Today is Sunday, Oct. 7, the 280th day of 2018. There are 85 days left in the year.
Today's Highlight in History:
On Oct. 7, 1991, University of Oklahoma law professor Anita Hill publicly accused Supreme Court nominee Clarence Thomas of making sexually inappropriate comments when she worked for him; Thomas denied Hill's allegations.
On this date:
In 1777, the second Battle of Saratoga began during the American Revolution. (British forces under General John Burgoyne surrendered ten days later.)
In 1858, the fifth debate between Illinois senatorial candidates Abraham Lincoln and Stephen Douglas took place in Galesburg.
In 1916, in the most lopsided victory in college football history, Georgia Tech defeated Cumberland University 222-0 in Atlanta.
In 1949, the Republic of East Germany was formed.
In 1954, Marian Anderson became the first black singer hired by the Metropolitan Opera Company in New York.

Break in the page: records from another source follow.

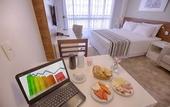 Туры в отель Hplus Vision Executive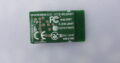 BLUETOOTH MODUL J20H077 for TV SONY KDL-50W800B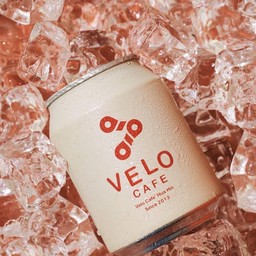Rose Lemon Soda
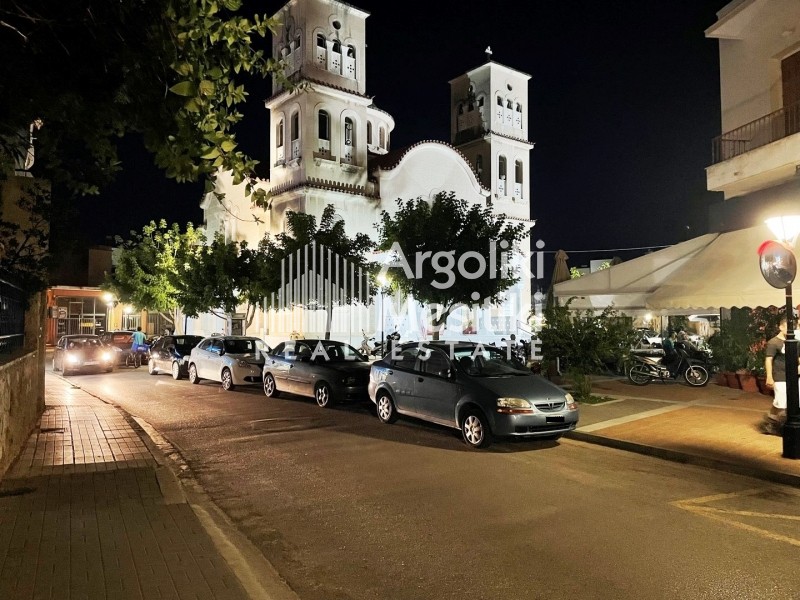 Επιχείρηση 160 τ.μ. για πώληση, Αργολίδα, Άργος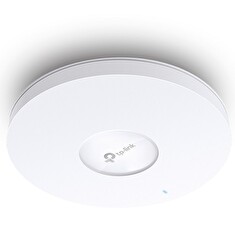 TP-Link EAP650 - AX3000 WIFI 6 přístupový bod Omada 1X GLAN POE+ montáž na strop/zeď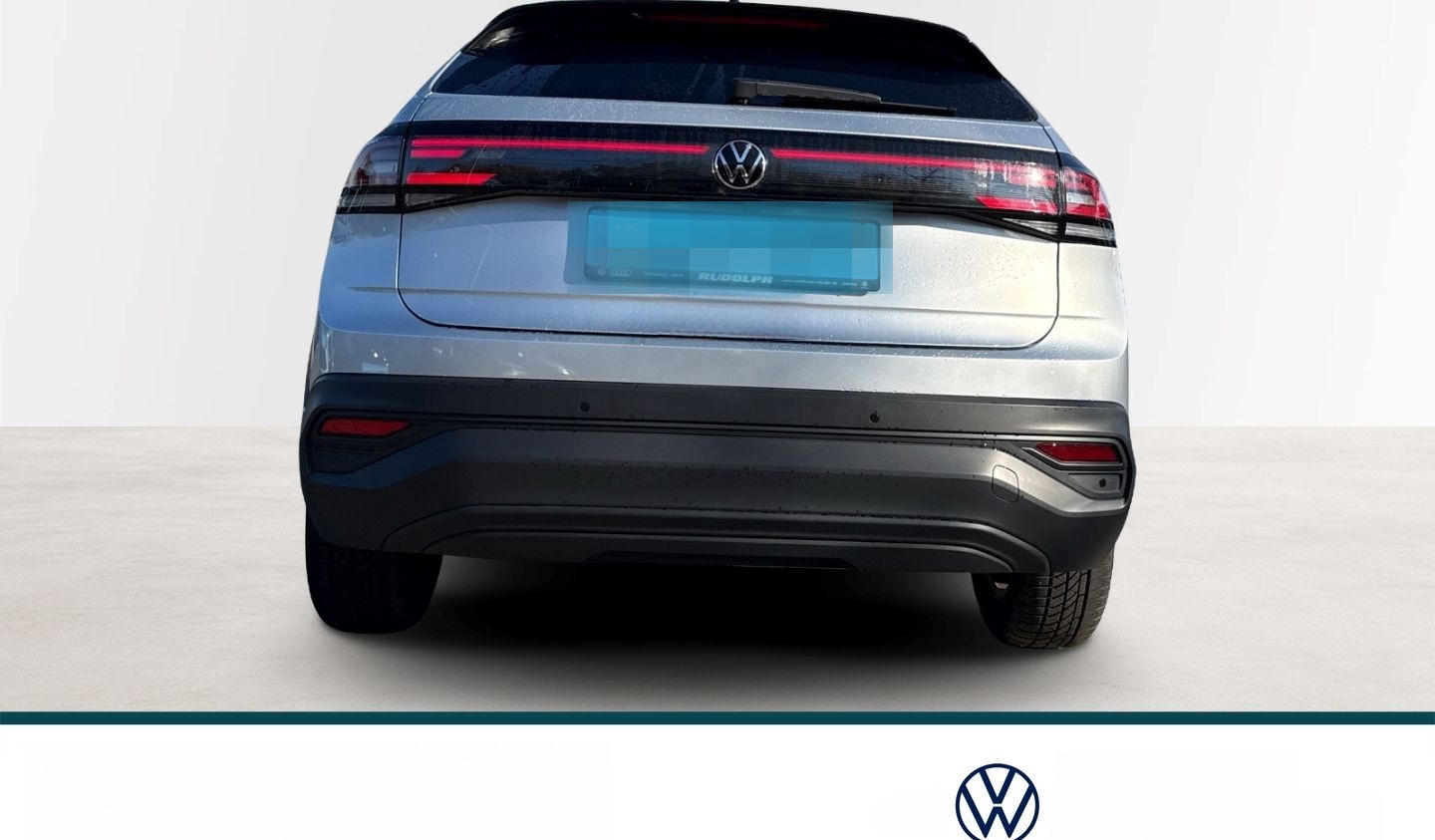 Volkswagen Taigo Goal 1.0 TSI 6-Gang LED Navi SHZ PDCv+h Kl foto 3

In 1960, Democratic presidential candidate John F. Kennedy and Republican opponent Richard Nixon held their second televised debate, this one in Washington, D.C.
In 1979, Pope John Paul II concluded his week-long tour of the United States with a Mass on the Washington Mall.

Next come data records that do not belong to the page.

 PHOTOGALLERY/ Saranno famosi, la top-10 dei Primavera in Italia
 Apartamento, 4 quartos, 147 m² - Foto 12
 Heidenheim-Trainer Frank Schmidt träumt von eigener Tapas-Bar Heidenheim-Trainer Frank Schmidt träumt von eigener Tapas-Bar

In 1982, the Andrew Lloyd Webber-Tim Rice musical "Cats" opened on Broadway. (The show ended its original run on Sept. 10, 2000, after a then-record 7,485 performances.)

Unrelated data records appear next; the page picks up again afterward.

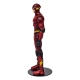 DC The Flash Movie - Figurine The Flash (Batman Costume) 18 cm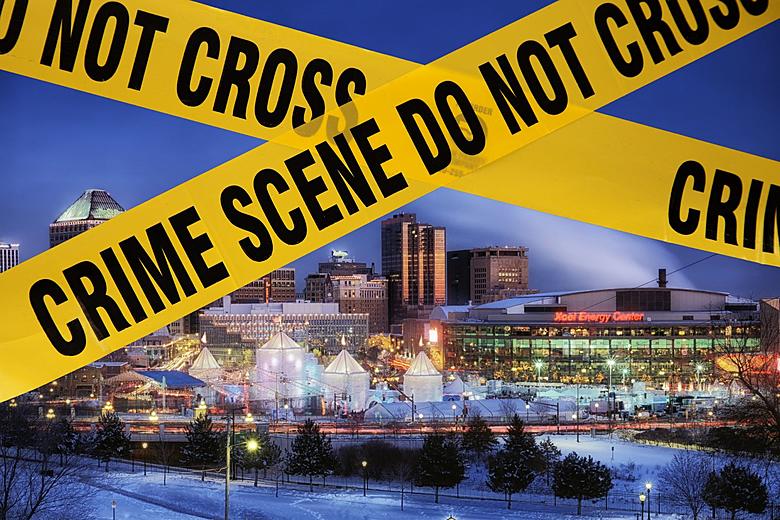 These Are The 5 Most Dangerous Neighborhoods in Minnesota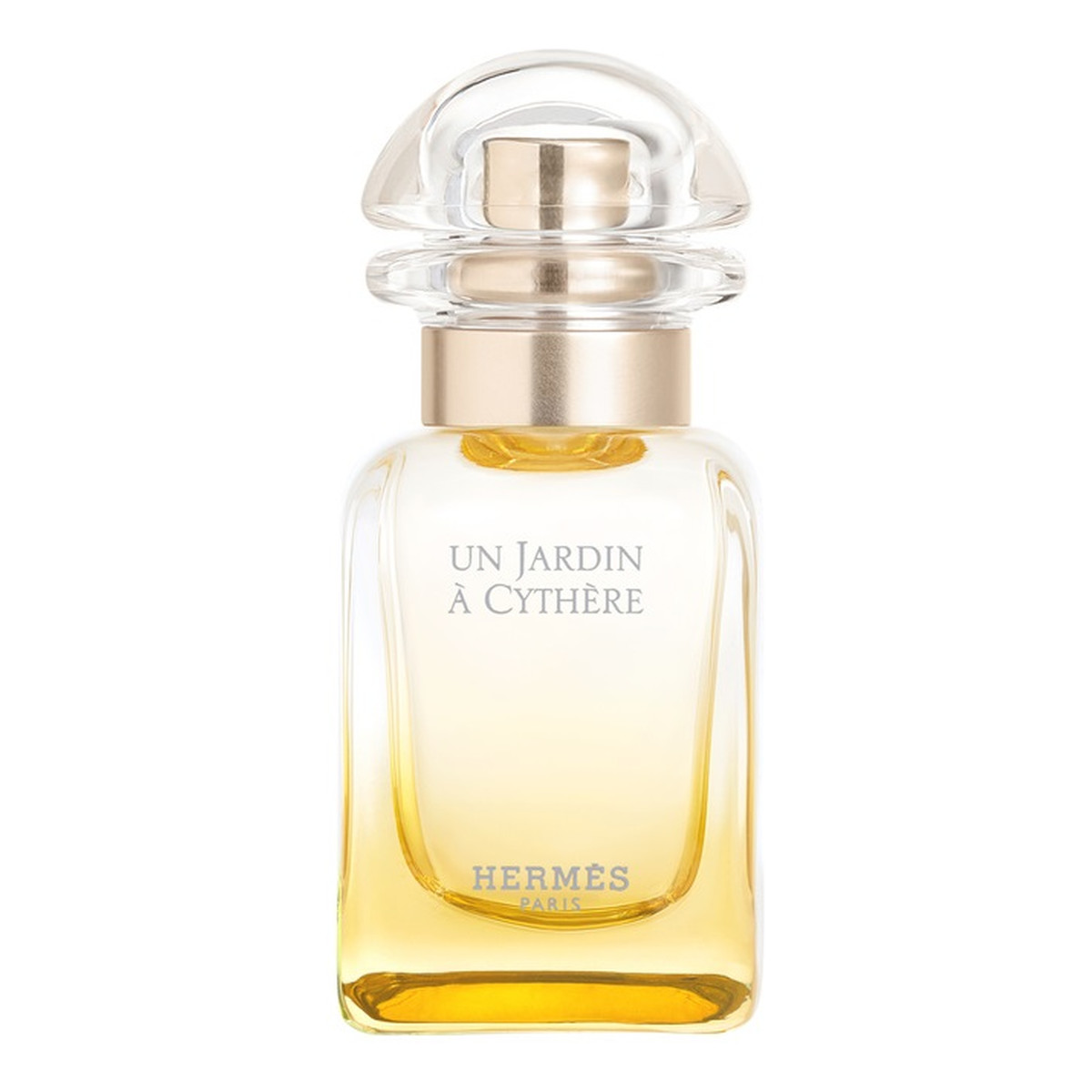 Hermes Un Jardin a Cythere Woda toaletowa refillable spray 30ml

In 1985, Palestinian gunmen hijacked the Italian cruise ship Achille Lauro (ah-KEE'-leh LOW'-roh) in the Mediterranean. (The hijackers killed Leon Klinghoffer, a Jewish-American tourist, before surrendering on Oct. 9.)
In 1989, Hungary's Communist Party renounced Marxism in favor of democratic socialism during a party congress in Budapest.
In 1992, trade representatives of the United States, Canada and Mexico initialed the North American Free Trade Agreement during a ceremony in San Antonio, Texas, in the presence of President George H.W. Bush, Canadian Prime Minister Brian Mulroney (muhl-ROO'-nee) and Mexican President Carlos Salinas de Gortari.
In 1998, Matthew Shepard, a gay college student, was beaten and left tied to a wooden fencepost outside of Laramie, Wyoming; he died five days later. (Russell Henderson and Aaron McKinney are serving life sentences for Shepard's murder.)